TASK GOAL: Reproduce the entries below exactly, but only from the line containing "Nissan X-Trail 2006 Black" to the line containing "ACHAT NIORT CHAURAY", inclusive.

INPUT DATA:

------------------------------------------------------------------------

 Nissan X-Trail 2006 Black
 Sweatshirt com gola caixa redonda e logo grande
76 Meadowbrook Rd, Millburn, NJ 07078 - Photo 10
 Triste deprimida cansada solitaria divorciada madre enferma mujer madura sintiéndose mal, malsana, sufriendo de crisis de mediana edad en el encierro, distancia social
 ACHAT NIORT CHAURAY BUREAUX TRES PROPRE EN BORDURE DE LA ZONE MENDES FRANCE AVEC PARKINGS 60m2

------------------------------------------------------------------------

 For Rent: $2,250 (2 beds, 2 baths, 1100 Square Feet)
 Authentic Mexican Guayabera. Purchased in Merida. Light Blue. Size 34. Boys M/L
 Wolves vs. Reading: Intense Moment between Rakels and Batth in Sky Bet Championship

------------------------------------------------------------------------

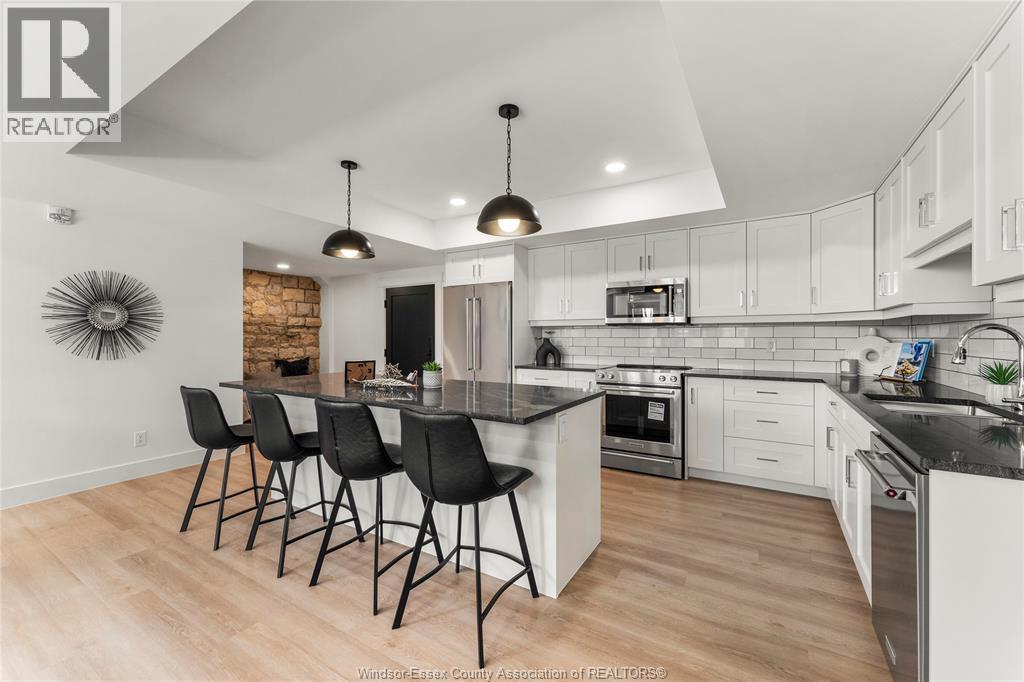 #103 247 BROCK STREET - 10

------------------------------------------------------------------------

RESULT:
 Nissan X-Trail 2006 Black
 Sweatshirt com gola caixa redonda e logo grande
76 Meadowbrook Rd, Millburn, NJ 07078 - Photo 10
 Triste deprimida cansada solitaria divorciada madre enferma mujer madura sintiéndose mal, malsana, sufriendo de crisis de mediana edad en el encierro, distancia social
 ACHAT NIORT CHAURAY BUREAUX TRES PROPRE EN BORDURE DE LA ZONE MENDES FRANCE AVEC PARKINGS 60m2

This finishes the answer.